Relever un compteur, remplir une déclaration d'impôts, veiller sur une personne âgée, tournée rallongée... La sacoche du facteur se garnit de nouveaux services pour pallier la baisse du volume de courrier : une évolution qui divise la profession. Exemple à Plabennec et à Rennes.
À bord de sa camionnette électrique, Emmanuelle Le Fourn entame sa tournée à 9 h 30 sous un ciel "pour une fois pas capricieux" de Plabennec, petite commune du Finistère.

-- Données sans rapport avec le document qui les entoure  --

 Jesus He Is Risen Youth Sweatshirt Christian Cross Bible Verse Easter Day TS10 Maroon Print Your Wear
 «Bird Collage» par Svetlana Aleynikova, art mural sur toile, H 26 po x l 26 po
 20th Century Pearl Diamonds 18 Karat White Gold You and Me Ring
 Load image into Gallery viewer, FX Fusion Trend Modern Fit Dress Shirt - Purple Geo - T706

Depuis 2014, cette factrice de 48 ans, comme un tiers de ses collègues au plan national, est sous le régime de la pause méridienne. "Volontaire d'office", Emmanuelle débute son service plus tard interrompu par une pause de 45 minutes, non rémunérée. Sa journée s'achève à 15 h 15 contre 13 h 00-14 h 00 jusque-là. Elle travaille 5 jours sur 7, contre 6 jours sur 7 auparavant.
"Jamais évident de changer ses habitudes. Ce qui m'a décidé, c'est le jour de repos en plus, pouvoir déjeuner. Physiquement, je me sens mieux. Pour rien au monde, je ne repasserais à l'ancien régime", affirme cette mère de deux enfants. "Qui peut garder des enfants quand on doit se lever à 5 h 00 ?"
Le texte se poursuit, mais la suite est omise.